Spearman's rank-order correlation is the non-parametric alternative to Pearson's: it measures the strength and direction of a monotonic relationship using ranks, so it works for ordinal data or when a relationship is not linear. The APA 7 write-up is short but uses a different symbol, and people often mix it up with Pearson.

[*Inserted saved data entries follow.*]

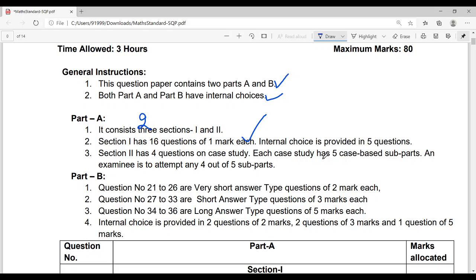When you go to Part A Section 2, that section has four questions on case study. CBSE has newly added this this time, so you will need to put in some extra effort for case studies. I will discuss case study with you in some classes. Each and every subject now has case study. For mathematics case study, you need a broad concept of each and every chapter. Each case study has five sub-parts, and you only need to attempt four out of five. Check the new sample paper — case study is also there in SST and Science similarly.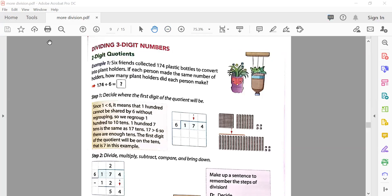Hello everyone, this is the third part of the division chapter that we are studying. We have already learned division of two-digit numbers and division of one-digit numbers. Today we will study the division of three-digit numbers. I have with me Mariam — hello Mariam! Are you enjoying studying mathematics? Yes!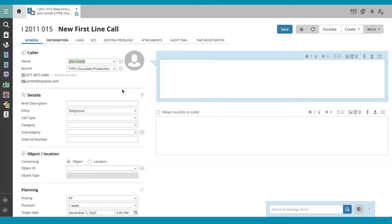Let's examine how to apply a standard solution to a call. I've got a new first line call open here.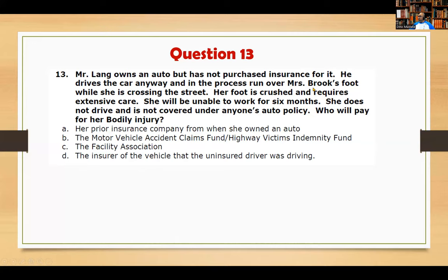Mr. Lang drives the car anyway and runs over Mrs. Brooks' foot while she's crossing the street. Her foot is crushed and requires extensive care; she will be unable to work for six months. She does not drive and is not covered under anyone's auto policy. Following the trajectory from the previous question, with no policy in existence for either party, the answer is the Motor Vehicle Accident Claim Fund.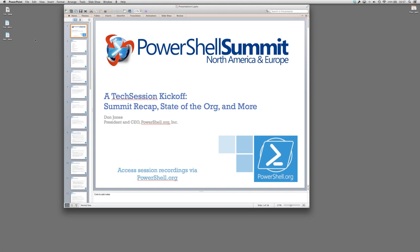All right, let's go ahead and get started. Welcome to a tech session kickoff. This is kind of a way for us to test this GoToWebinar, make sure that it's going to work appropriately, that we can record it and get it uploaded to YouTube. The idea is starting next month, I believe, we're going to start doing a regular monthly tech session.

This guide gives you the exact format, a worked example you can copy, and the mistakes reviewers catch.
What you need before you write a single word
An APA 7 write-up of a Spearman correlation needs these values from your output:
- Spearman's rho, reported with the symbol r_s (an italic r with a subscript s).

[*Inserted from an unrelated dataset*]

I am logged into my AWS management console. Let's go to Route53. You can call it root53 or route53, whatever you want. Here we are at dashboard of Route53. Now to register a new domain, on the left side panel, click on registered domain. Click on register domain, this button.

- The degrees of freedom (df), which is N minus 2, or simply report N.
- The exact p value.
Like Pearson's r, r_s is itself the effect size, so no separate one is needed.
The APA 7 format template
Report the result in running text using this pattern:
There was a [strong/moderate/weak] positive/negative monotonic correlation between [variable 1] and [variable 2], r_s(df) = .XX, p = .XXX.

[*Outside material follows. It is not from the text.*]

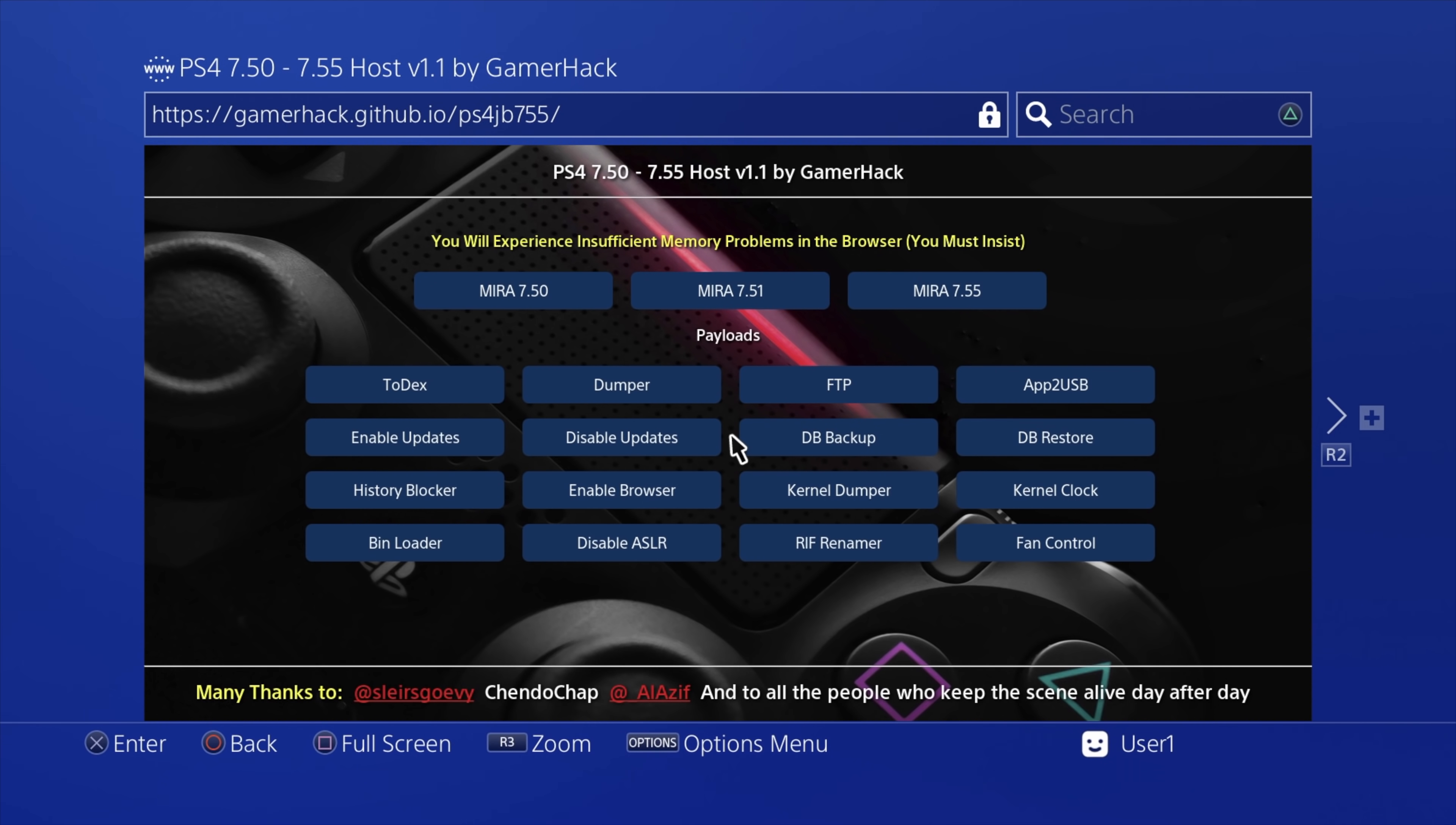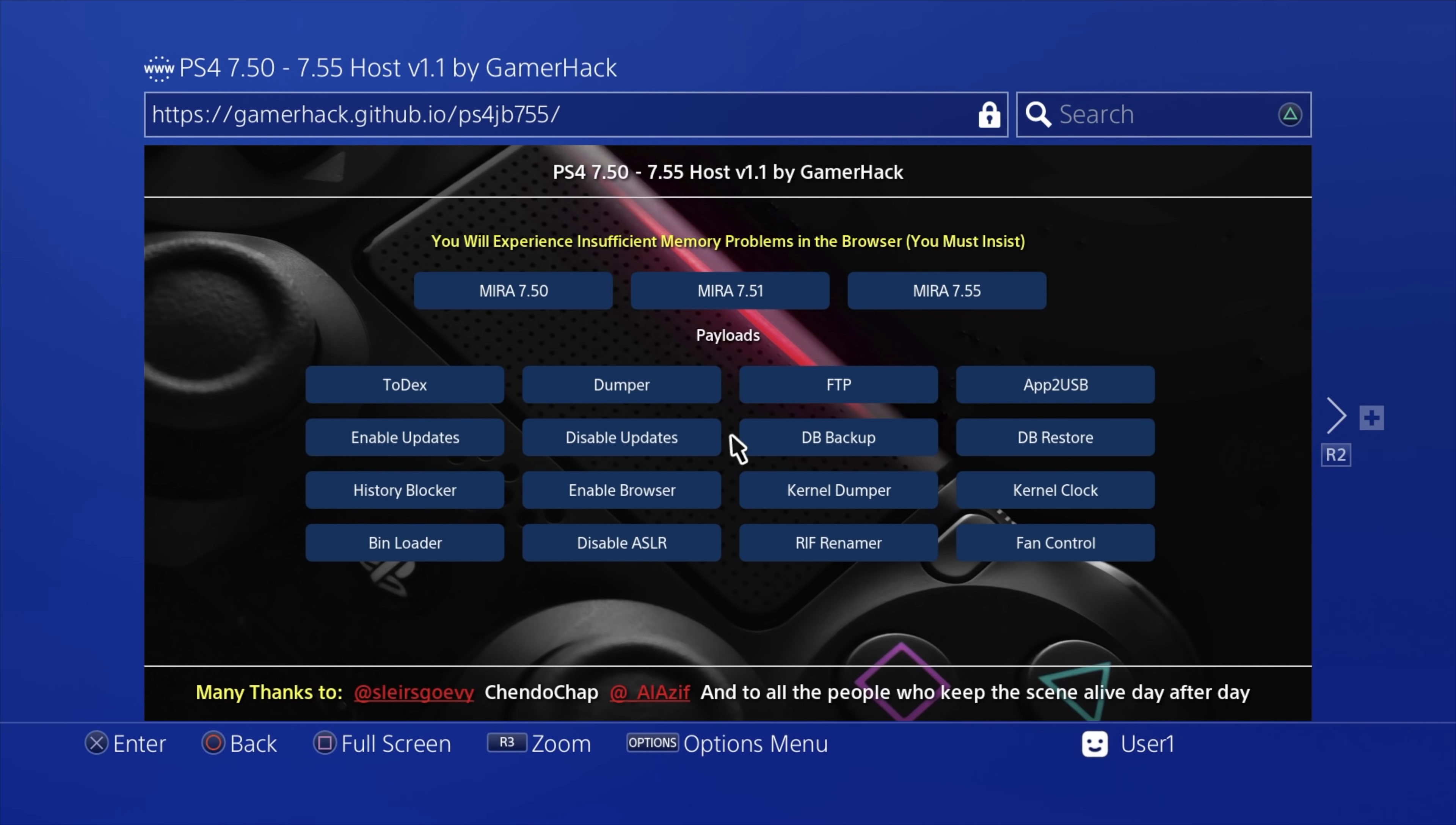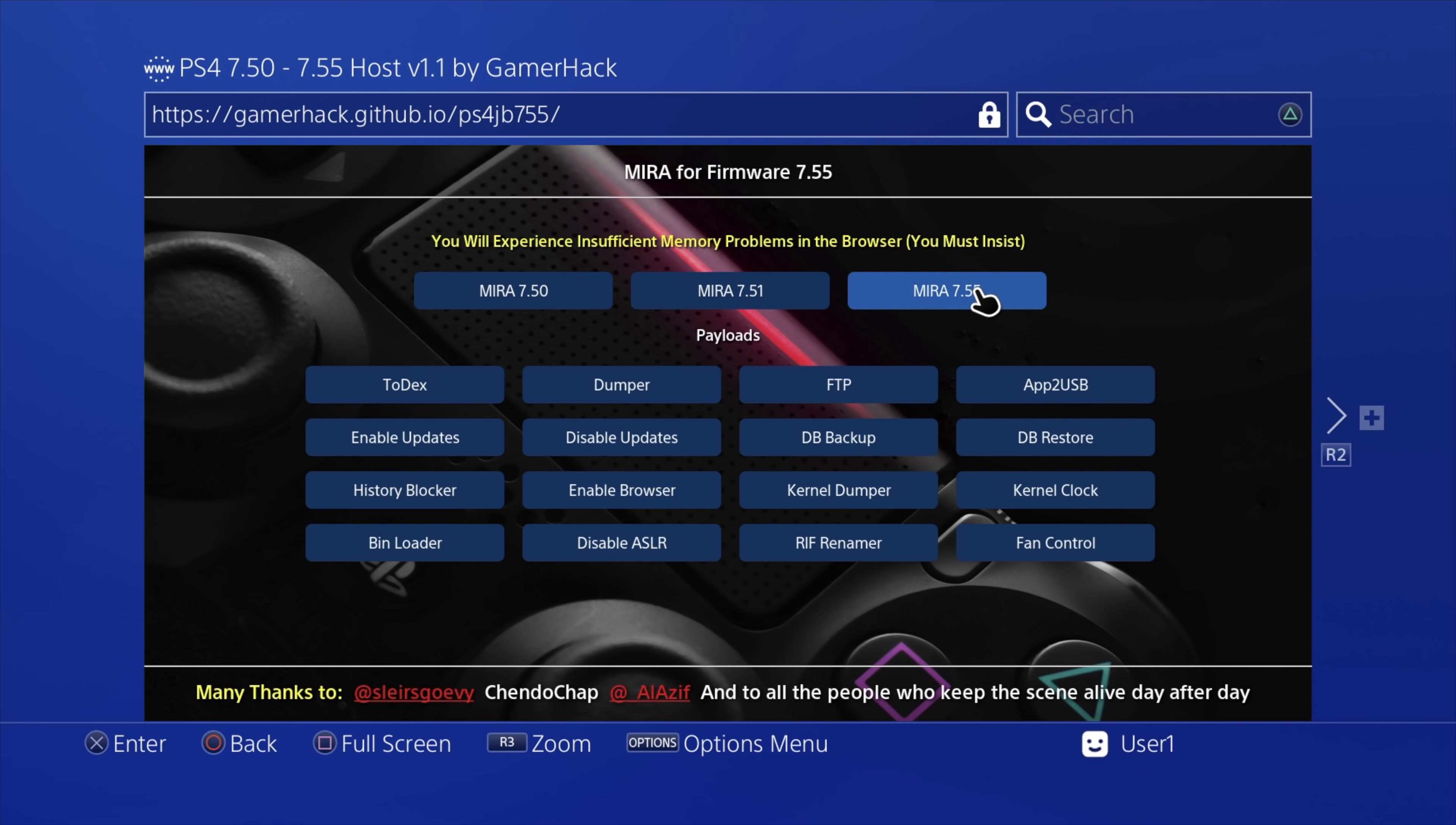Cool. Now you're at the main interface. What you need to do at this point is select the version of the official firmware you have and in this case, this is on 7.55. Go up to where it says Mira. This is the actual jailbreak itself. Go to Mira 7.55 and then select it with the X button to launch it.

Formatting rules reviewers actually check:
- Use the symbol r_s (italic r, subscript s), not plain r, so the reader knows it is Spearman.
- Put the degrees of freedom (N minus 2) in parentheses, or report N in the sentence.
- No leading zero on r_s or p, because neither can exceed 1, so write r_s = .52, not 0.52.
- Round r_s to two decimals. Report p to two or three decimals, and if it is below .001, write p < .001.
- Describe the relationship as monotonic, not linear.
A worked example
Suppose you correlated a satisfaction rating (1 to 7, ordinal) with years of membership for 45 customers.
- N = 45, so df = 43
- Result: r_s(43) = .52, p < .001
Written up in APA 7, that becomes:
There was a moderate positive monotonic correlation between years of membership and satisfaction rating, r_s(43) = .52, p < .001. Customers with longer memberships tended to report higher satisfaction.
The sentence carries the direction, the strength in words and as a coefficient, and the significance.
Mistakes reviewers catch
- Using the Pearson symbol. Report Spearman as r_s, not r, so the reader knows which correlation you ran.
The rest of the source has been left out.